AMD Athlon™ Processor x86 Code Optimization

22007E/0 — November 1999

AMD Athlon™ Processor Microarchitecture

The innovative AMD Athlon processor microarchitecture approach implements the x86 instruction set by processing simpler operations (OPs) instead of complex x86 instructions. These OPs are specially designed to include direct support for the x86 instructions while observing the high-performance principles of fixed-length encoding, regularized instruction fields, and a large register set. Instead of executing complex x86 instructions, which have lengths from 1 to 15 bytes, the AMD Athlon processor executes the simpler fixed-length OPs, while maintaining the instruction coding efficiencies found in x86 programs.
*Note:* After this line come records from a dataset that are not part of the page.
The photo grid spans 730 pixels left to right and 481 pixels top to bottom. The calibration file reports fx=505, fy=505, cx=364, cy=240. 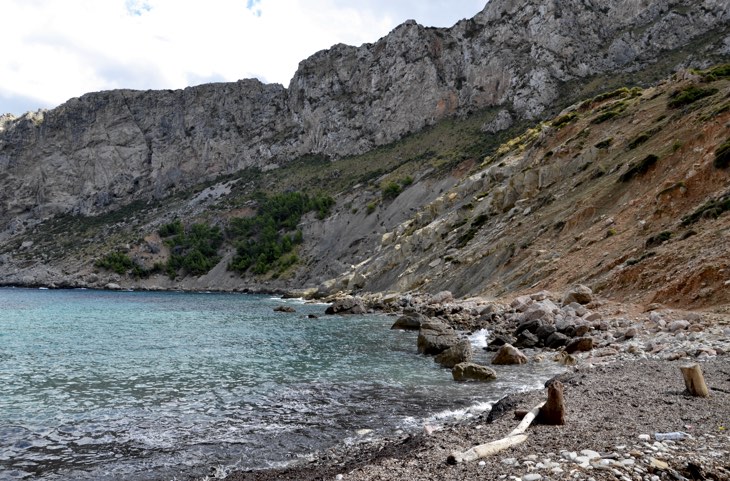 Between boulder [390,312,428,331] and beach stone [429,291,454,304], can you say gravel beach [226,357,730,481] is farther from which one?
beach stone [429,291,454,304]

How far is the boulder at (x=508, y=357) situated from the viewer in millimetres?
20812

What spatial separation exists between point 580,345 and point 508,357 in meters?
3.20

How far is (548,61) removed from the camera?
111875 millimetres

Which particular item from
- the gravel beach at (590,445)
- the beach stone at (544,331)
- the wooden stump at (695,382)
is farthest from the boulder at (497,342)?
the wooden stump at (695,382)

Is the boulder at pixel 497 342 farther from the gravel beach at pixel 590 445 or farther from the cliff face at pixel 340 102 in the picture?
the cliff face at pixel 340 102

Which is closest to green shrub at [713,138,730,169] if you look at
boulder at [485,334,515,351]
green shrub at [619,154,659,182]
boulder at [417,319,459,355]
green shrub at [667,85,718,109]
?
green shrub at [619,154,659,182]

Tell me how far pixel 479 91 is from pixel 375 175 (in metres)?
34.3

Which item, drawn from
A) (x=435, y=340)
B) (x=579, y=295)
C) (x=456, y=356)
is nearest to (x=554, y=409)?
(x=456, y=356)

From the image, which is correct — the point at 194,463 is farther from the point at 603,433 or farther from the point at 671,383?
the point at 671,383

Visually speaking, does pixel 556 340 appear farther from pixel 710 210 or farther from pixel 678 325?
pixel 710 210

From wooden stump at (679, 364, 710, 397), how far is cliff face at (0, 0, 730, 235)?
95.9 m

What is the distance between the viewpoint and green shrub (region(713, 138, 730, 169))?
3094cm

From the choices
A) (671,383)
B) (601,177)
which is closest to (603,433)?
(671,383)

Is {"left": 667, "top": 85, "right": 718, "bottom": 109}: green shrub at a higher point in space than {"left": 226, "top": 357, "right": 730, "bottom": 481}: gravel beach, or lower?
higher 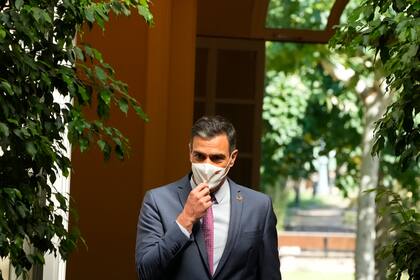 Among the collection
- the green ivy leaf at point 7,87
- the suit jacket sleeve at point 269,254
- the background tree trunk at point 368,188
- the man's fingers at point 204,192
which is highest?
the green ivy leaf at point 7,87

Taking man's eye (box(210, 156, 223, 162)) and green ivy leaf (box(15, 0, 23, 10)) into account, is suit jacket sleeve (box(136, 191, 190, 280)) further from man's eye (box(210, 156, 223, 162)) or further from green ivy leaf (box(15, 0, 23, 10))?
green ivy leaf (box(15, 0, 23, 10))

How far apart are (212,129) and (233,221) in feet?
1.20

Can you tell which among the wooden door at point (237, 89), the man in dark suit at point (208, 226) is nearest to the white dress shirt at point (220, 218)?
the man in dark suit at point (208, 226)

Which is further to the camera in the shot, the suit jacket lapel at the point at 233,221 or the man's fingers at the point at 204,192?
the suit jacket lapel at the point at 233,221

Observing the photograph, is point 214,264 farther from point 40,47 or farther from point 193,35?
point 193,35

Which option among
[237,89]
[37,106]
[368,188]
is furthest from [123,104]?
[368,188]

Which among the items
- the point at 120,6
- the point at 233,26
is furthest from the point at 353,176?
the point at 120,6

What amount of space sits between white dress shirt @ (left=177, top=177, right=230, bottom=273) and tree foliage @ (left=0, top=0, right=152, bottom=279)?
1.42 feet

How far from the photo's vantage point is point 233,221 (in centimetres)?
505

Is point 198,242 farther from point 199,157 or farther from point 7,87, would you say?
point 7,87

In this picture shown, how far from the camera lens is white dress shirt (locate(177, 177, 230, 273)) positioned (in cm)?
503

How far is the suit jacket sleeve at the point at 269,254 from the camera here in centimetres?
506

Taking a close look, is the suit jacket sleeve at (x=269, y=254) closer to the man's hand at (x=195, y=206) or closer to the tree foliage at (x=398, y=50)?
the man's hand at (x=195, y=206)

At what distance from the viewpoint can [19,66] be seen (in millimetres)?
4926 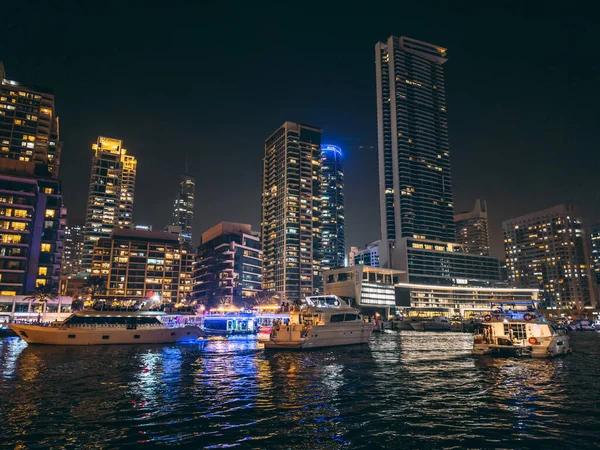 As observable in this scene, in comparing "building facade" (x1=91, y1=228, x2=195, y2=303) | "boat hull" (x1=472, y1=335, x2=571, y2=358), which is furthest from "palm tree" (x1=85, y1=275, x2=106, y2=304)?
"boat hull" (x1=472, y1=335, x2=571, y2=358)

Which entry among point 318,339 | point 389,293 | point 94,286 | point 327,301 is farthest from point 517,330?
point 94,286

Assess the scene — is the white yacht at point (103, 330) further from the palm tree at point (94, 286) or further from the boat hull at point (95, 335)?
the palm tree at point (94, 286)

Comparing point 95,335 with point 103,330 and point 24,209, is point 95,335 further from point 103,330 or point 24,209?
point 24,209

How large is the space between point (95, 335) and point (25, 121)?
130 meters

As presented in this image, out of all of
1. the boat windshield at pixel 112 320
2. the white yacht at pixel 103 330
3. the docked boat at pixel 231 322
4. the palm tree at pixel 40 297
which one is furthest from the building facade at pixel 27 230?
the boat windshield at pixel 112 320

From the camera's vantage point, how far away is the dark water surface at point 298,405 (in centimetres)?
1334

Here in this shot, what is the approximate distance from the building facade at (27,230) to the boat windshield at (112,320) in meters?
60.5

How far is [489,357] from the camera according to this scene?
3884 centimetres

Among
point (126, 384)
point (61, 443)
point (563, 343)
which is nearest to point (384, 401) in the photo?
point (61, 443)

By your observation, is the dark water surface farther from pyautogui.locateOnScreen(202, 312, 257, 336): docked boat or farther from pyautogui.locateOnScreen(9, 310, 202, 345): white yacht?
pyautogui.locateOnScreen(202, 312, 257, 336): docked boat

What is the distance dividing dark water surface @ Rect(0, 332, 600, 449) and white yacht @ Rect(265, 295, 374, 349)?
484 inches

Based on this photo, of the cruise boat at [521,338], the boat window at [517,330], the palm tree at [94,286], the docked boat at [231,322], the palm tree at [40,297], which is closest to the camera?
the cruise boat at [521,338]

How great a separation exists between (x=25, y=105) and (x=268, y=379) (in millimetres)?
165342

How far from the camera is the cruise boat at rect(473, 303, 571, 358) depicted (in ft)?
124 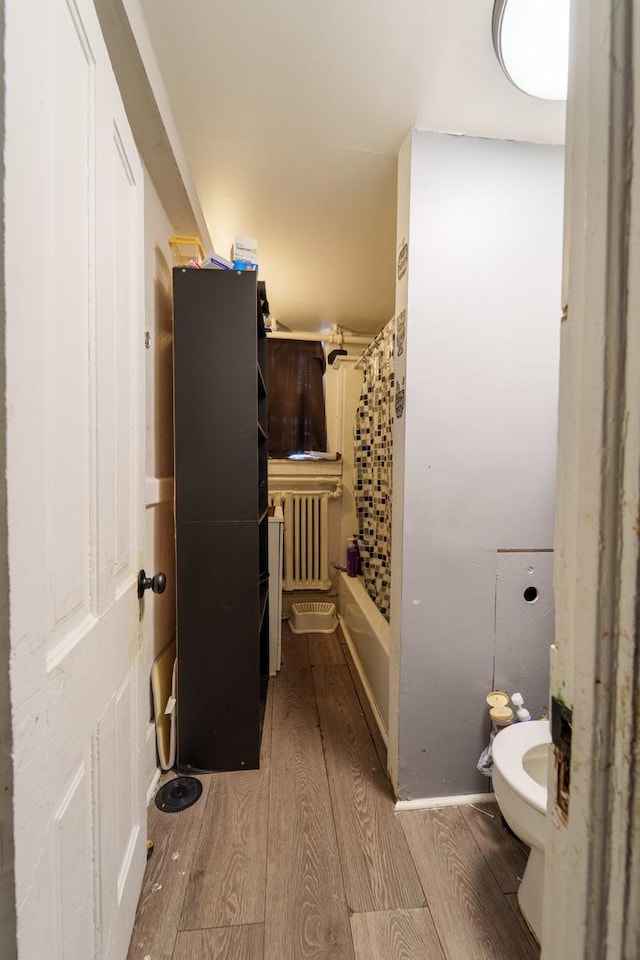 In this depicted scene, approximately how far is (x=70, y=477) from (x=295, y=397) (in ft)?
8.09

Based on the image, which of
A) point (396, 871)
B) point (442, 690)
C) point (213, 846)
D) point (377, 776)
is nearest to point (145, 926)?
point (213, 846)

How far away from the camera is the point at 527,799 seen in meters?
0.94

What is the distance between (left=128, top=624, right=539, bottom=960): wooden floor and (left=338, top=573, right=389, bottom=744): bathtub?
0.71ft

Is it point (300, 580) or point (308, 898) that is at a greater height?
point (300, 580)

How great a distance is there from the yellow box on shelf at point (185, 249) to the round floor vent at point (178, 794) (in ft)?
6.80

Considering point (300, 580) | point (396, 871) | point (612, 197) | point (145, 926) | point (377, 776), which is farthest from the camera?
point (300, 580)

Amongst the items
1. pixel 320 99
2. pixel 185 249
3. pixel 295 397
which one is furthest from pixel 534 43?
pixel 295 397

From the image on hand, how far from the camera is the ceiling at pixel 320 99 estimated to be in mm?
939

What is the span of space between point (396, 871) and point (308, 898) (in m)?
0.27

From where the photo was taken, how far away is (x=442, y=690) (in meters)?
1.33

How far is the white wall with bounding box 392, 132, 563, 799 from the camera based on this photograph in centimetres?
127

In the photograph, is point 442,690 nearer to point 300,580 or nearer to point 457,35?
point 300,580

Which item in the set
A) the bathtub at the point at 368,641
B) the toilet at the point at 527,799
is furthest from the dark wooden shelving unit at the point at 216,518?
the toilet at the point at 527,799

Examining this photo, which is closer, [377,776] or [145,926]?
[145,926] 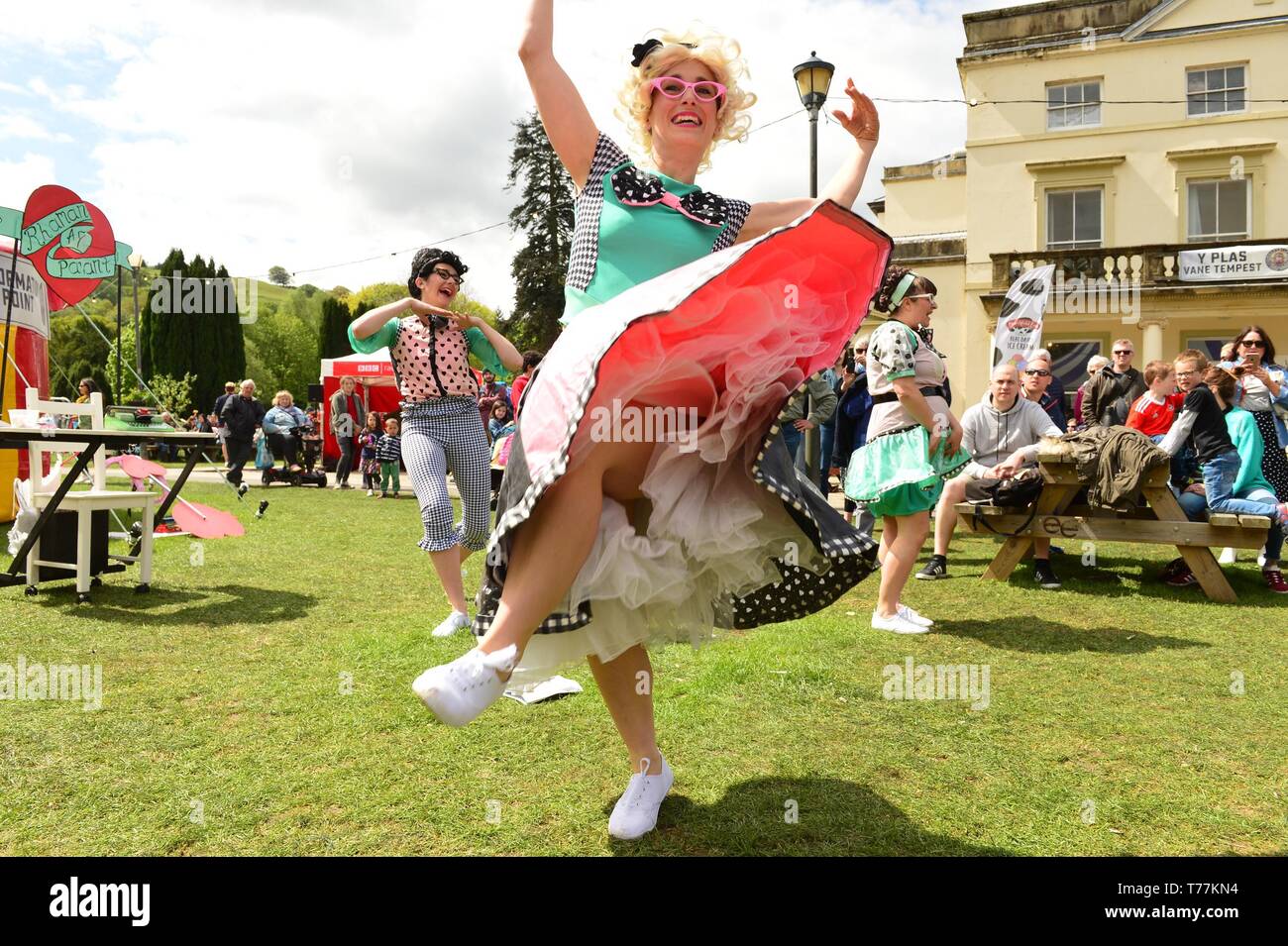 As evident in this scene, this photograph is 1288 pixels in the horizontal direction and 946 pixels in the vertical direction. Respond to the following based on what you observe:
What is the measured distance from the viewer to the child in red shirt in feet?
24.7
The enhanced microarchitecture used in the AMD Athlon processor enables higher processor core performance and promotes straightforward extendibility for future designs.

Superscalar Processor

The AMD Athlon processor is an aggressive, out-of-order, three-way superscalar x86 processor. It can fetch, decode, and issue up to three x86 instructions per cycle with a centralized instruction control unit (ICU) and two independent instruction schedulers — an integer scheduler and a floating-point scheduler. These two schedulers can simultaneously issue up to nine OPs to the three general-purpose integer execution units (IEUs), three address-generation units (AGUs), and three floating-point/3DNow! ™/MMX ™ execution units . The AMD Athlon moves integer instructions down the integer execution pipeline, which consists of the integer scheduler and the IEUs, as shown in Figure 1 on page 131. Floating-point instructions are handled by the floating-point execution pipeline, which consists of the floating-point scheduler and the x87/3DNow!/MMX execution units.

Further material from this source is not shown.